Family Duty

[Listen to Asha read this story]

“I am grateful to my parents for giving me a good home and treating me with kindness and respect,” a devotee told Swamiji. “Beyond that, however, I don’t feel much of anything for them. Is there something wrong with me?”

“Sometimes a devotee deliberately incarnates into a family where he doesn’t have a deep connection,” Swamiji said. “Maybe just one or two qualities are all he has in common with his parents. That way, when he finds his spiritual family, it is not difficult to leave his birth family behind.

“Still, unless your parents try to prevent you from following your spiritual path, you owe it to them to be kind. If they force you to choose, however, between your loyalty to them and your loyalty to God, God comes first.”

When Swamiji first came onto the spiritual path, his father showed no respect for the choice Swamiji had made.

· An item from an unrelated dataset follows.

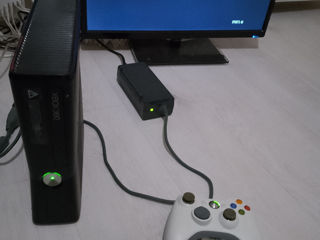 Xbox 360 Прошитый 250 GB + 2 геймпада + 32 игр foto 6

“I had to write him a very strong letter,” Swamiji said. “I told him, ‘I love you as my father. God, however, has been my Father for all eternity. Please don’t force me to choose.’

“I don’t think he ever understood what I was doing, but after that, he never spoke against it, so we were able to maintain a cordial relationship.”

On another occasion, Swamiji said, “The best way to serve your family is to go deep spiritually. Their egos may object to your absence from the family nest or your refusal to fall in with their plans for your life, but their souls will rejoice because your spiritual progress also blesses them.”

Swamiji once suggested a course of action to a young man that would have set his life in an entirely new direction spiritually. The man demurred.

“If I did that,” he said, “my mother would be so disappointed.”

“To find God,” Swamiji replied, “we must all be prepared, if necessary, to disappoint our mothers.”